• **Task goal**:
If pictures appear among the lines below, leave them out while you return exactly the lines from the one with "5bdrm-house-in-the-dorns-properties-new-town-for-rent-big-3" through the one with "Samsung Galaxy Note 20 Pallet image 2".

Exercise input below:

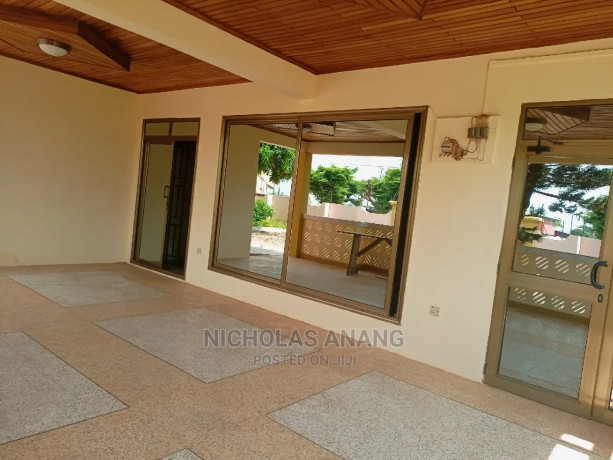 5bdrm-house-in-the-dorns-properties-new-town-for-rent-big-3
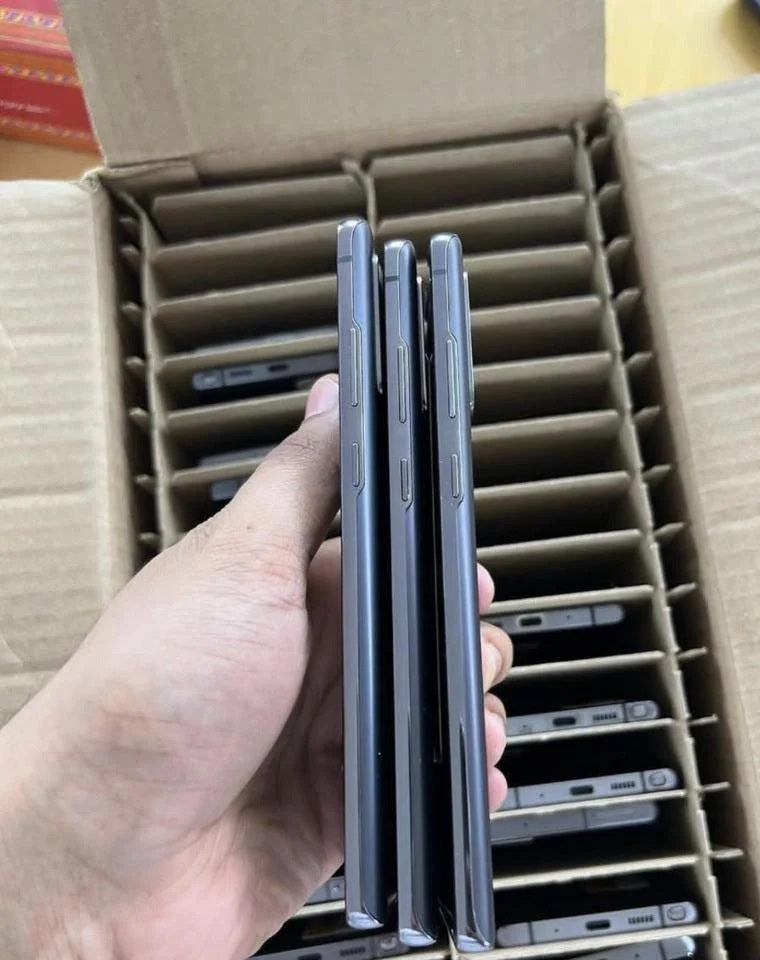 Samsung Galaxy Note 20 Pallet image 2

End of Exercise input.
Exercise input below:

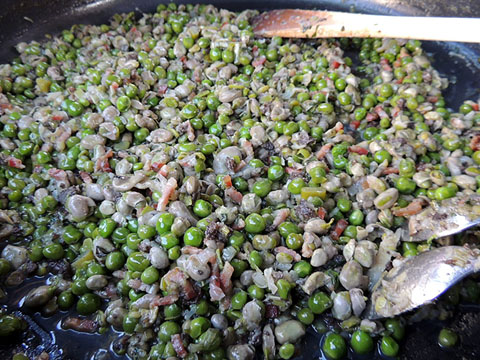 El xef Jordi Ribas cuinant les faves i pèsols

End of Exercise input.
Exercise input below:

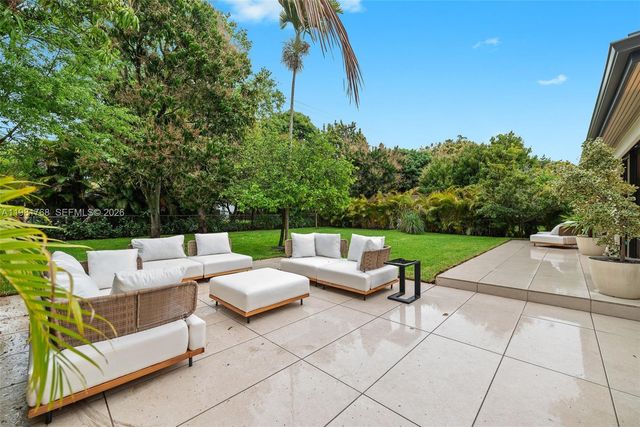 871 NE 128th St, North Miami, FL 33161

End of Exercise input.

• **Answer for this exercise**:
 5bdrm-house-in-the-dorns-properties-new-town-for-rent-big-3
 Samsung Galaxy Note 20 Pallet image 2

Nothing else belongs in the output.